§ TASK BRIEF
In the entries below, find the line with "5516 Call Place SE photo 31" and the line with "Callaway Clubhouse Golf". Return those two lines and all lines between them, exactly.
*** RAW DATA ***
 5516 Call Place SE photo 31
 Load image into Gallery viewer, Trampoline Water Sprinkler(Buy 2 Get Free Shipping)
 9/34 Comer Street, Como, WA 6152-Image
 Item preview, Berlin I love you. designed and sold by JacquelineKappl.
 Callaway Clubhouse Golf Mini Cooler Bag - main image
*** End of RAW DATA ***
*** RAW DATA ***
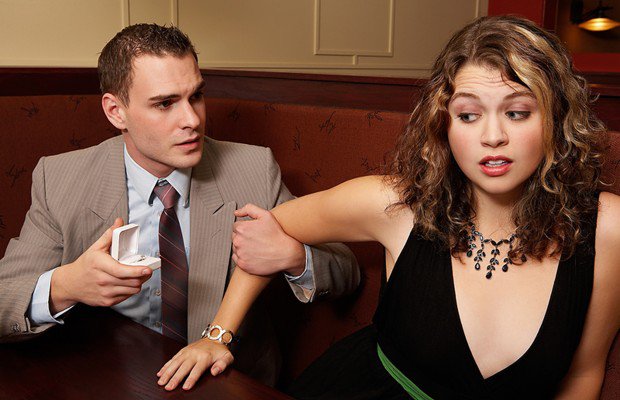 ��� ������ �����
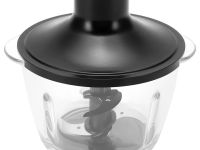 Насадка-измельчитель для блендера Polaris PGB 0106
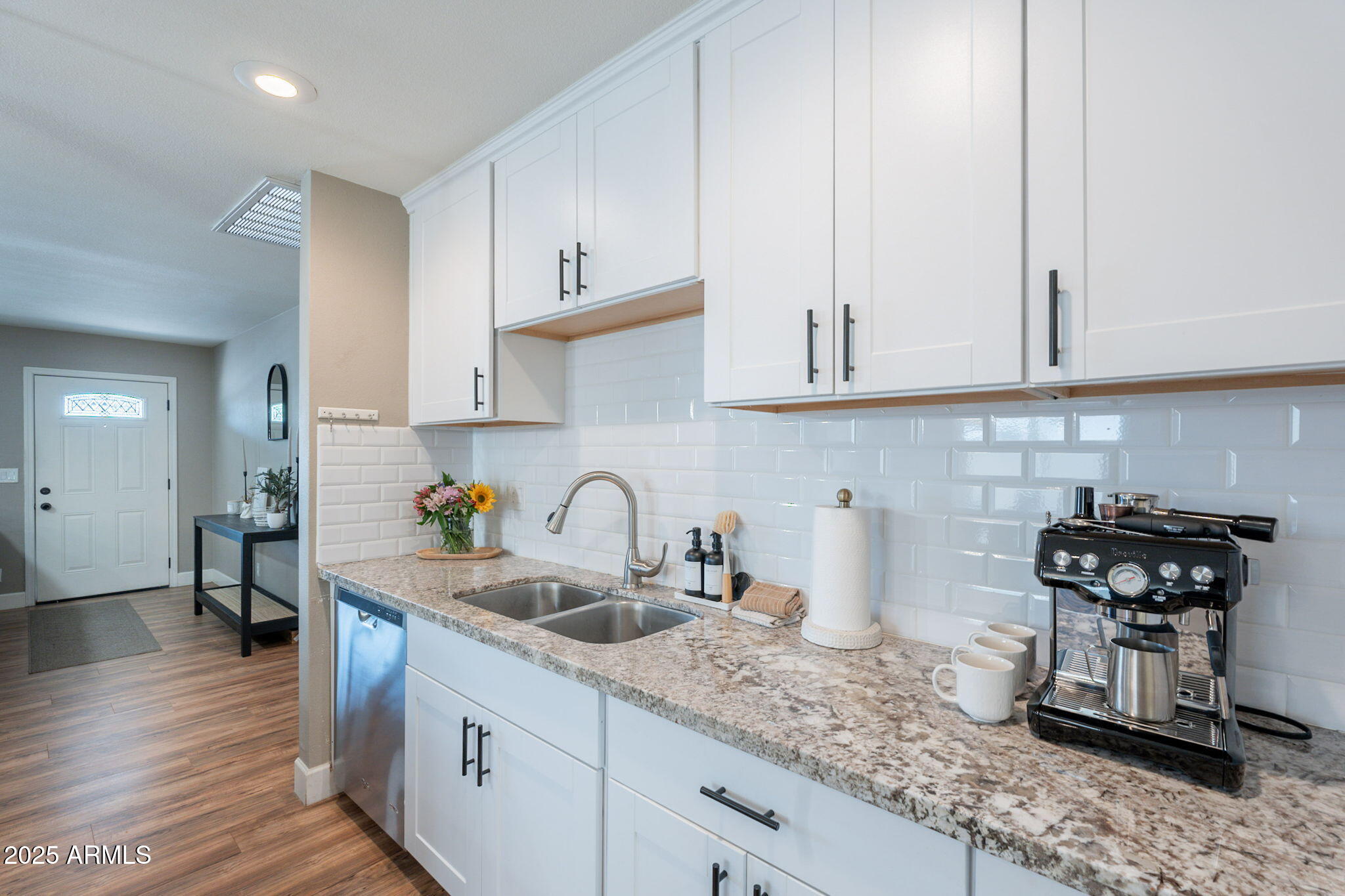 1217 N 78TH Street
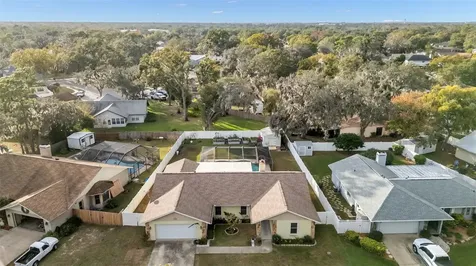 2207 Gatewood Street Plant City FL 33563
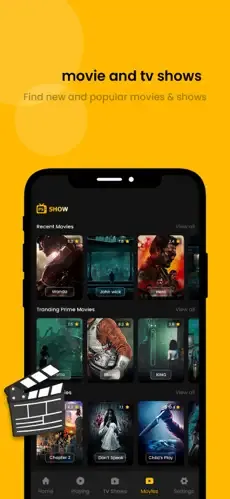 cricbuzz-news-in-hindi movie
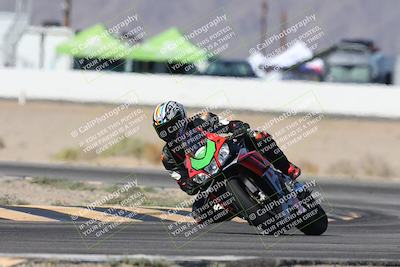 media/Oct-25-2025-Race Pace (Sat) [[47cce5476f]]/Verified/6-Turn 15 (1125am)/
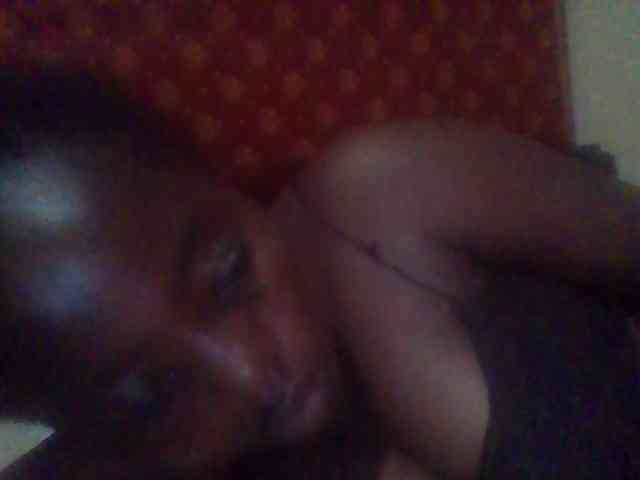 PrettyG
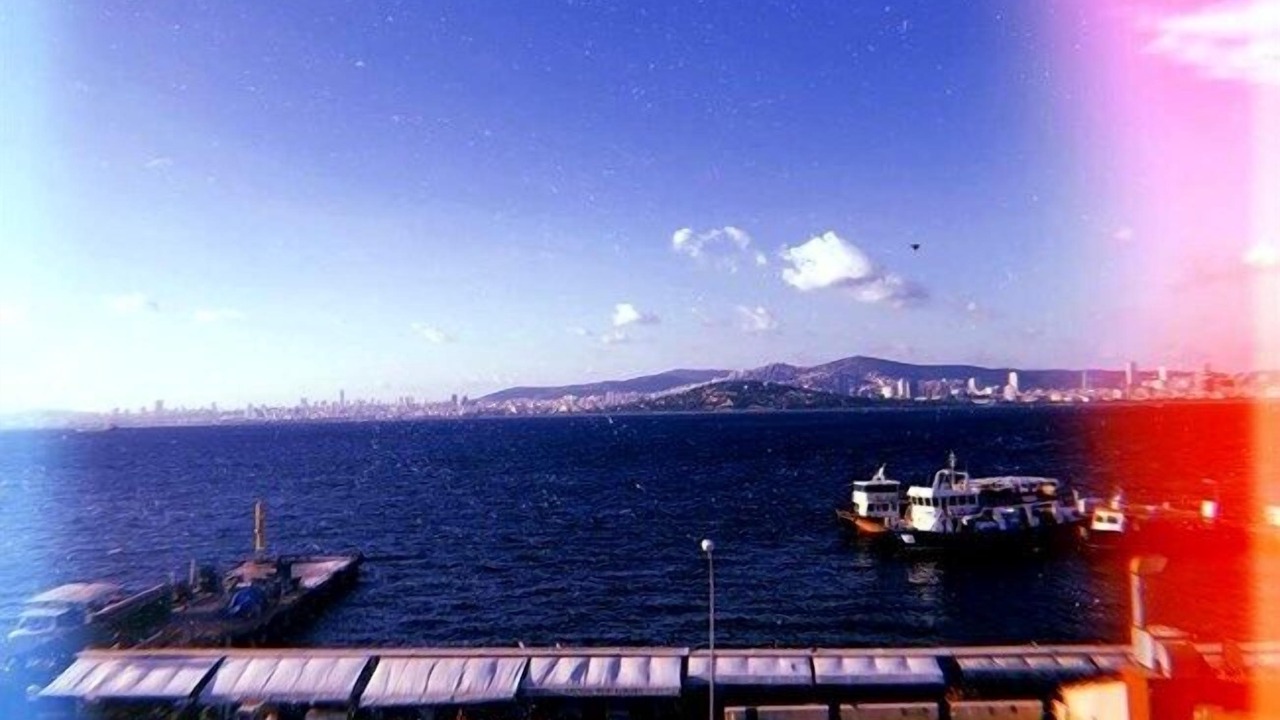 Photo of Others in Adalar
*** End of RAW DATA ***
*** RAW DATA ***
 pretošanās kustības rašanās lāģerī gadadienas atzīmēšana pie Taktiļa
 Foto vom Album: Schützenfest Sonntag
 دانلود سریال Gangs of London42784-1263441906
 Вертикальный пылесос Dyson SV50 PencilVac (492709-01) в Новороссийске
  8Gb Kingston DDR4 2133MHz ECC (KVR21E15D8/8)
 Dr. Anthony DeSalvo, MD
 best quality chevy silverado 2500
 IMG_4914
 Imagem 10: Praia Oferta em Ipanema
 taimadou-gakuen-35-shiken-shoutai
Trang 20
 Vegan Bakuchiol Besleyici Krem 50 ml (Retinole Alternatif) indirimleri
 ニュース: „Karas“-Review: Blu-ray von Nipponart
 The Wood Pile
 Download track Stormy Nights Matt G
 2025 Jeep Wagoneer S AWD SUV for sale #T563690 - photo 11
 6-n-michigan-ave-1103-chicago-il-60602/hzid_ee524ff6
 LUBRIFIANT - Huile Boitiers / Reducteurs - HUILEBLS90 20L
*** End of RAW DATA ***
§ REPLY
 5516 Call Place SE photo 31
 Load image into Gallery viewer, Trampoline Water Sprinkler(Buy 2 Get Free Shipping)
 9/34 Comer Street, Como, WA 6152-Image
 Item preview, Berlin I love you. designed and sold by JacquelineKappl.
 Callaway Clubhouse Golf Mini Cooler Bag - main image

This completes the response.